Fostered by a lowering of trade
barriers, cross-border exchange of goods and services
over the past half century has increased far faster
than world gross domestic product. But what is even
more remarkable is how large the scale of cross-border
finance has become, relative to the value of the trade
that it finances. To be sure, much global finance
reflects growing investment portfolios, some doubtless
with a speculative component. But, at bottom, such
finance is a central element of the systems that
support the efficient international movement of goods
and services. We strongly suspect, though we do not
know for sure, that the accelerating expansion of
global finance may be indispensable to the continued
rapid growth of world trade in goods and services. It
appears increasingly evident that many forms and
layers of financial intermediation will be required if
we are to capture the full benefit of our advances in
technology and trade. Indeed, the seemingly outsized
implicit compensation for risk associated with many
investments worldwide suggests the potential for a far
larger world financial system than currently exists.

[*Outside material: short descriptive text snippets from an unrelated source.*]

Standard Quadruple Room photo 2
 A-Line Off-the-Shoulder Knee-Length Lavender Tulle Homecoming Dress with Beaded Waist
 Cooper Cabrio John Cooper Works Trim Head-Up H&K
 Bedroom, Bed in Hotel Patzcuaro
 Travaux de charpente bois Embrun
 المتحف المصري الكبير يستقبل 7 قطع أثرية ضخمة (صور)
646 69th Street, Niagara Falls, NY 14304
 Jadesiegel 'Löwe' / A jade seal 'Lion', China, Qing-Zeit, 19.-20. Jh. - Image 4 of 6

Among most of the large world
trading economies the bias against investment in
foreign assets is apparent in the still-high
correlation between domestic savings and domestic
investment. In decades past, risk was perceived to
increase with distance. A paucity of information and
surplus of regulation discouraged the cross-border
movement of funds. Even today, with regulatory bars
lowered and information and access much enhanced, bias
against cross-border investment remains high. However,
the continuous probing for enhanced returns, unless
inhibited by governments, seems poised to create a
much larger global presence of financial linkages in
all our economies.
As in all aspects of life, expansion
of one's activities beyond previously explored
territory involves taking risks. And risk by its
nature has carried, and always will carry with it, the
possibility of adverse outcomes. Accordingly, for
globalization to continue to foster expanding living
standards, risk must be managed ever more effectively
as the century unfolds.
The development of our paradigms for
containing risk has emphasized dispersion of risk to
those willing, and presumably able, to bear it. If
risk is properly dispersed, shocks to the overall
economic system will be better absorbed and less
likely to create cascading failures that could
threaten financial stability.
The broad success of that paradigm
seemed to be most evident in the United States over
the past two and one-half years. Despite the draining
impact of a loss of $8 trillion of stock market
wealth, a sharp contraction in capital investment and,
of course, the tragic events of September 11, 2001,
our economy is still growing. Importantly, despite
significant losses, no major U.S. financial
institution has been driven to default. Similar
observations pertain to much of the rest of the world
but to a somewhat lesser extent than to the United
States.
These episodes suggest a marked
increase over the past two or three decades in the
ability of modern economies to absorb unanticipated
shocks. To be sure, the recent weakened pace of world
economic activity has raised concerns that the full
cycle of the past decade has yet to be definitively
concluded. But the already clearly evident increased
resiliency arguably supports the view that the world
economy already has become more flexible irrespective
of how events unfold in the weeks and months ahead.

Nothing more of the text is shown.